##### Input for this task

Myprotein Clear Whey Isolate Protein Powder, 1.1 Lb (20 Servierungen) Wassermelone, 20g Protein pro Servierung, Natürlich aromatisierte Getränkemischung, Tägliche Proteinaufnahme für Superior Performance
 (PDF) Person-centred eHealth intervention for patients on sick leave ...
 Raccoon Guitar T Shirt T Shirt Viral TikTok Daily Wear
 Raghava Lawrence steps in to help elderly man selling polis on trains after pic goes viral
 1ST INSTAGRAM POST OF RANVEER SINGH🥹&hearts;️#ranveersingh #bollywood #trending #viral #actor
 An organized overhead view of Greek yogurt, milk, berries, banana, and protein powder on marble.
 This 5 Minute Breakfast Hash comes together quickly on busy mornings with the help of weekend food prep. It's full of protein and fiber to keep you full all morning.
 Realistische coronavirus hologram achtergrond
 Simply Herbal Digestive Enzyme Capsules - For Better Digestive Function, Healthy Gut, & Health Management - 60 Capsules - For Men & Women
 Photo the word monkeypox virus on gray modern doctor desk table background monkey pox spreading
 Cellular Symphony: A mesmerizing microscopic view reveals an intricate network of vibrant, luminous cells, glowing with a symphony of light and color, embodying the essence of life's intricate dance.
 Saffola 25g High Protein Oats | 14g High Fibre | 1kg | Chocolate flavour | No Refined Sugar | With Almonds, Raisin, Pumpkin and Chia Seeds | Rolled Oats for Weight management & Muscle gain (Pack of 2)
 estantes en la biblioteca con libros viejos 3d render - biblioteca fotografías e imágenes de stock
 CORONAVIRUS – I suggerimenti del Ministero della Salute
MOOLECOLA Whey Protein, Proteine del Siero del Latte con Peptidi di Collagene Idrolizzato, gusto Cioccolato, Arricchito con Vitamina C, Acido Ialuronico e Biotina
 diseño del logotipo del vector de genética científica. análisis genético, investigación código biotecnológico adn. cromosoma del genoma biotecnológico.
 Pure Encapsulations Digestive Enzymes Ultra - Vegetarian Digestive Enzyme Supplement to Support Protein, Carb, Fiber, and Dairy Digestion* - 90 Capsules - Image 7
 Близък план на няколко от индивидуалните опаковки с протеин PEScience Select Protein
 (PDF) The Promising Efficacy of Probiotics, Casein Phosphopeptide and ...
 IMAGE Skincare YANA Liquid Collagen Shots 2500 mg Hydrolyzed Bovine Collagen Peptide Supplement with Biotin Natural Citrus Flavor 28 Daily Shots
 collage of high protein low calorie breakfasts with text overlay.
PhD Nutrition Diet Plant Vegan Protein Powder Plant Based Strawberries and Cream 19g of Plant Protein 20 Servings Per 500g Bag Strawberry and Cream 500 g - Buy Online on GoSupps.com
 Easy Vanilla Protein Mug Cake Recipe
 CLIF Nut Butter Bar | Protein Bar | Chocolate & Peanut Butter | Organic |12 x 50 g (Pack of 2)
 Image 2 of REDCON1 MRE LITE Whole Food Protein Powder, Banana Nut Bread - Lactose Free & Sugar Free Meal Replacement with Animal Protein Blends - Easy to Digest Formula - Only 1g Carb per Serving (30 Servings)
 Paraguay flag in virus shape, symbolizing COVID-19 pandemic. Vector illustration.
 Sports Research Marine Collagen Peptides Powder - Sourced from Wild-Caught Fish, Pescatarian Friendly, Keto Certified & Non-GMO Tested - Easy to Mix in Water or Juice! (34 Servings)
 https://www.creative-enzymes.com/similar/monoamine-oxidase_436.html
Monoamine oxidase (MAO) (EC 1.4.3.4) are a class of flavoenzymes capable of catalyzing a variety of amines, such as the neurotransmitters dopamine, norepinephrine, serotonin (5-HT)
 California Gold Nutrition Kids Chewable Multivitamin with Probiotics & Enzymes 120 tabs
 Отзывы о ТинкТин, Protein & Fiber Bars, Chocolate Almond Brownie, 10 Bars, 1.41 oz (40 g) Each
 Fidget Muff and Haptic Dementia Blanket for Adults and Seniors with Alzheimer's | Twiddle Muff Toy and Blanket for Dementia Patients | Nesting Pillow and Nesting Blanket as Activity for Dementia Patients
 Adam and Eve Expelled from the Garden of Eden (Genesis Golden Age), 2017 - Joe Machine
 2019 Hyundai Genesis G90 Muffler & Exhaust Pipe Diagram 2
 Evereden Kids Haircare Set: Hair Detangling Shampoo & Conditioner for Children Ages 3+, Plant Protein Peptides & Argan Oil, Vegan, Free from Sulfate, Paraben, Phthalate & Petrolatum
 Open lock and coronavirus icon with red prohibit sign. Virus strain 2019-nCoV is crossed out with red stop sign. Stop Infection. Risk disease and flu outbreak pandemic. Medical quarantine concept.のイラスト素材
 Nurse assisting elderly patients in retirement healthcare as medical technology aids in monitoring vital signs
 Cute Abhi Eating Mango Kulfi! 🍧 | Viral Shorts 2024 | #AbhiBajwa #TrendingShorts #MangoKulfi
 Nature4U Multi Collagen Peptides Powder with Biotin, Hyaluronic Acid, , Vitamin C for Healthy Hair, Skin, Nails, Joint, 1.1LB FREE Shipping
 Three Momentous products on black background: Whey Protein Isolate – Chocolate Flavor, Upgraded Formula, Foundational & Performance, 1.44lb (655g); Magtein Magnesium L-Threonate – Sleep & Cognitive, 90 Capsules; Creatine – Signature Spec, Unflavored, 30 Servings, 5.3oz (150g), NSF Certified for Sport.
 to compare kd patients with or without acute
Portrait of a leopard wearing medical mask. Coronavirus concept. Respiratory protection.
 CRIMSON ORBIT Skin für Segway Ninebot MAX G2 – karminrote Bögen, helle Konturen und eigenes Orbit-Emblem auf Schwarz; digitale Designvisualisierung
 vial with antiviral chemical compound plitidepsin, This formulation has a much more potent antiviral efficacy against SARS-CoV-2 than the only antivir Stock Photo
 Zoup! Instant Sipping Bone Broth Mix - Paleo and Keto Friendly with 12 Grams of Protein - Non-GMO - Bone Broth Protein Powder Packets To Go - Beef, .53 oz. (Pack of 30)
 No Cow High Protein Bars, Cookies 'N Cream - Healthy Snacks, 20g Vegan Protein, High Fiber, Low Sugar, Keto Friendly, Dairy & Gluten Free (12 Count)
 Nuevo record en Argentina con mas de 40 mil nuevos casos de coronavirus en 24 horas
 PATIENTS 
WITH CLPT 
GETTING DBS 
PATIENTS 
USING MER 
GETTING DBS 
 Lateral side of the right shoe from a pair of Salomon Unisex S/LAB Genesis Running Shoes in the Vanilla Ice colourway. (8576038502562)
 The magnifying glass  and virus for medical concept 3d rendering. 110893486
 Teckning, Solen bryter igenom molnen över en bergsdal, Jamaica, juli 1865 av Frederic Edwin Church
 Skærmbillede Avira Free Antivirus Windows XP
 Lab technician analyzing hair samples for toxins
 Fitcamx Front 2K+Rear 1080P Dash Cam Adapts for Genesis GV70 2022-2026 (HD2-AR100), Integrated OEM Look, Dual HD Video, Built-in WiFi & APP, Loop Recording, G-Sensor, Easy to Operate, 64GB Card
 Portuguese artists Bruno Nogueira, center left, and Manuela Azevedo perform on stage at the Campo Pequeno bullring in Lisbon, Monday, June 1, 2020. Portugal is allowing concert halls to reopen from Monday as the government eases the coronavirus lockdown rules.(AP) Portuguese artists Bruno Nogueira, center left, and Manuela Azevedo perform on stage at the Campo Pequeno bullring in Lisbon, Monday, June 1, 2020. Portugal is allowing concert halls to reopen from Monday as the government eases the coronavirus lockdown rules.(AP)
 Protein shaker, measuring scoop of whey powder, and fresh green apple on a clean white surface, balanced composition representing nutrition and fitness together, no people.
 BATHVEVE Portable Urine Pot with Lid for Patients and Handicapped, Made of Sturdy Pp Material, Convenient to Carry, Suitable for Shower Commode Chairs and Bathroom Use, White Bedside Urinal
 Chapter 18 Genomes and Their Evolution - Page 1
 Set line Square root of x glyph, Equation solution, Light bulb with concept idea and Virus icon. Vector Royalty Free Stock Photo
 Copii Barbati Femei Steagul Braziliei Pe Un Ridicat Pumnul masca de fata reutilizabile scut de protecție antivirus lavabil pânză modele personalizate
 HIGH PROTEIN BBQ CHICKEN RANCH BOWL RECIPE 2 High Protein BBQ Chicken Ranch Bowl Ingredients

##########

§ Task objective: Start with the line above that contains "Отзывы о ТинкТин, Protein" and end with the line that contains "2019 Hyundai Genesis". Write out those lines exactly, and only those.

§ Solution for this exercise:
 Отзывы о ТинкТин, Protein & Fiber Bars, Chocolate Almond Brownie, 10 Bars, 1.41 oz (40 g) Each
 Fidget Muff and Haptic Dementia Blanket for Adults and Seniors with Alzheimer's | Twiddle Muff Toy and Blanket for Dementia Patients | Nesting Pillow and Nesting Blanket as Activity for Dementia Patients
 Adam and Eve Expelled from the Garden of Eden (Genesis Golden Age), 2017 - Joe Machine
 2019 Hyundai Genesis G90 Muffler & Exhaust Pipe Diagram 2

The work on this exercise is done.